Indiana’s application is limited to discussion of two issues and the law regarding appointment of delegates says that delegates would lose their positions if they exceeded their authority. But query whether either of those limitations is constitutionally binding. Delegates to the original Constitutional Convention were also bound by limited authority and the convention was called for a single purpose that was vastly exceeded. So there is at least an argument that the limitation on issues and/or authority may be ignored.

There’s also a potential issue with how delegates are chosen by the states. Indiana’s resolution calls for the Indiana General Assembly to select the delegates (and contemplates two delegates and two alternates). But while the Indiana General Assembly may be dominated by Republicans (thanks, largely to gerrymandering), the state itself is not. After all, we just elected Democrats to both Senate and Superintended of Public Instruction (beating out a darling of the right). Thus, if the selection of delegates is left solely to the Indiana General Assembly, then its likely that a very sizeable minority of the population would not be represented by those delegates.

And we haven’t even gotten to the dangerous part, yet.

You see, the real problem with crafting amendments through the convention process is that we have no idea what that convention might decide to do. The fail safe is, of course, the fact that amendments proposed by a convention would still need to be ratified by three-fourths of the states. But ask yourself whether we really trust some of our elected state legislators (like the one who proposed the convention in the first place) to debate and decide these issues. Take a state like Indiana where Republicans hold a supermajority in both houses and in which the far right and Tea Party legislators seem to have forced their caucus further and further to the right. Do we really want legislators who have proposed bills allowing for nullification, the arrest of federal officers, fear of bogeyman UN takeovers, a desire to force children to recite The Lord’s Prayer, disbelief in science (evolution and climate change, for example) to be voting on amendments to the United States Constitution?

Just imagine a proposed amendment to replace the federal income tax with a national sales tax. That (and similar proposals) have been common ideas from the libertarian, far right, and Tea Party blocs. I can easily see such an amendment being adopted by a convention, especially if each state has just a single vote. Now just imagine what the campaign to convince state legislators to support that amendment would look like. Think of the amount of money that would be spent to try to get that amendment passed. And how much influence would those at the bottom of the economic ladder have over that process and debate? How much money could people who barely feed their families spend to influence their legislators?

It’s also important, I believe, to think about what else might come out of a Constitutional convention. I bet that there are a lot of people out there who would be willing to vote for an amendment calling the United States a “Christian nation” or allowing school prayer. Similarly, I suspect that a lot of people would be willing to vote for an amendment limiting application of the First Amendment to “Judeo-Christian” faiths or otherwise limiting the ability of Muslims (or other religious minorities) to practice their faith. There would probably even be support for rolling back certain civil rights protections or outlawing abortion entirely. Maybe there would even be support for an amendment to allow corporations to vote or to prohibit the teaching of safe sex or climate change or evolution. Just look at some of the crazy bills that have been offered in state legislators to get an idea of the type of things that might come before a convention.

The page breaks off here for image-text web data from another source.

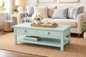 Rustic Promo Coffee Table – Solid Wood Living Room Table with Storage (Made in USA)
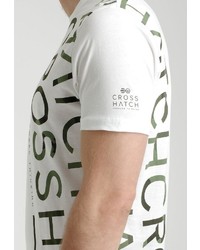weißes bedrucktes T-Shirt mit einem Rundhalsausschnitt von Crosshatch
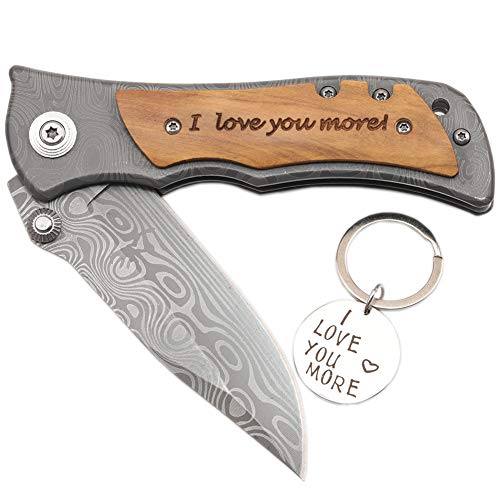 Product Cover Personalized Engraved Pocket Knife - I Love You More, Perfect Valentines Gift for Him Anniversary Gifts for Men, Boyfriend Gifts, Husband Gifts for Birthday, Christmas, Fathers Day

Would any of these sorts of “crazy” amendments be passed by three-fourths of the states? I’d certainly hope not. But who knows? What kind of pressure would people put on their legislators (or, perhaps a better question is what kind of outside pressure would be put on legislators) to “go after those terrorist Muslims”? Imagine the vitriol that would be directed at the handful of legislators opposing a “Christian nation” or public prayer amendment. Most importantly, are those the sorts of things we really want to be discussing in the context of amendments to the Constitution? I mean, just look at the rancor and strife that we’re suffering through now over things as relatively “simple” as healthcare and the budget. When it comes to issues like abortion and discrimination, people have died or been killed. Now just imagine those issues being debated, not as part of a state statute or basic policy, but as a change to the Constitution.

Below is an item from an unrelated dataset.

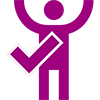 Plum icon of a person with a checkmark next to them.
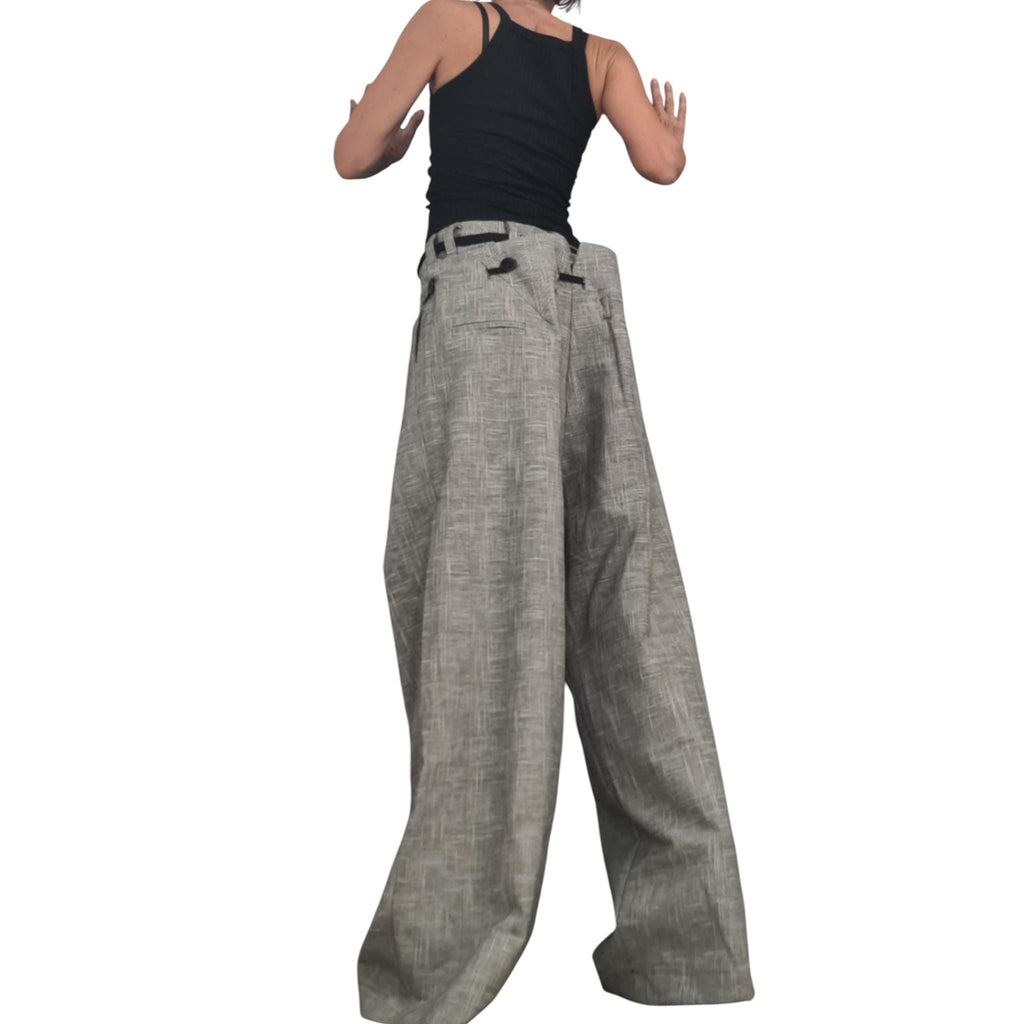 Grey Convertible Linen Pants for Women, 2 in 1 Avant Garde Wide Leg Trousers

I think when you look at these sorts of issues from a macro perspective, you’ll begin to realize that our democracy is still relatively fragile. If you discount the original Bill of Rights (10 Amendments), we’ve only amendment the Constitution 17 times (and of those, 1 was adopted just 5 years after ratification of the Constitution, 3 were adopted in the immediate aftermath of the Civil War to address slavery and equality, one was repealed by another just 22 years after its enactment, and 3 were to expand suffrage). Amending the Constitution is really meant to be a slow, laborious, difficult process. Putting who knows what sorts of amendments before the states could lead to a sort of political chaos and havoc that we may not be well-suited to weather.

What happens when all of the “red states” vote to repeal the 24th Amendment’s prohibition on poll taxes and the “blue states” vote against such a repeal? What happens when the red states vote to eliminate income taxes or to outlaw Islam or to return to the gold standard … and blue states don’t? What happens when red states vote to declare the US a Christian nation or blue states vote to erect a more concrete wall of separation between church and state. It’s all too easy to see the fault lines that could be exacerbated by a slate of proposed amendments to the Constitution and how various subsets of our nation would react.

Unfortunately, given the current political climate, given the degree of hostility that we’re seeing in our politics, given the money and its corrupting influence on our political system, I can’t say that I’m particularly trusting of how either a Constitutional convention or the state ratification process would work. I fear that the country that would emerge would be far, far different from the country we have now. Don’t get me wrong; we have serious problems that we need to resolve. But I don’t think that an Article V convention is the way to resolve those problems; rather, I think that convention would be much more likely to cause more problems and of a far more serious nature.

One more quick point: I think it’s worth taking note of just why the desire to have a Convention is being expressed. It’s obvious from the limitations that Indiana’s application focuses on. The point is to limit the taxing and commerce clause power of Congress. Hmm. Where have issues relating to taxing and the commerce clause been discussed recently? Oh, yeah. That’s right. Obamacare. You see, some Republicans (most of Indiana’s Senate Republicans) believe that Obamacare — the effort to expand access to healthcare to millions of uninsured and to make the healthcare insurance coverage more fair — is so wrong, so unconstitutional, that we need a Constitutional convention to scale back that power. That, in a nutshell, is what this is all about.

Republicans lost on the issue in Congress. They’ve tried to repeal Obamacare more than 30 times … and lost. And they lost in the United States Supreme Court (a conservative-leaning Court, I might add). So what else can they do? Amend the Constitution. But they know that they don’t have the 2/3 votes needed in Congress (remember, Democrats control the Senate and Republicans have a narrow majority in the House, even though they lost the popular vote for Congress) to propose an amendment. Thus, the effort to call an Article V convention. Just to overturn Obamacare.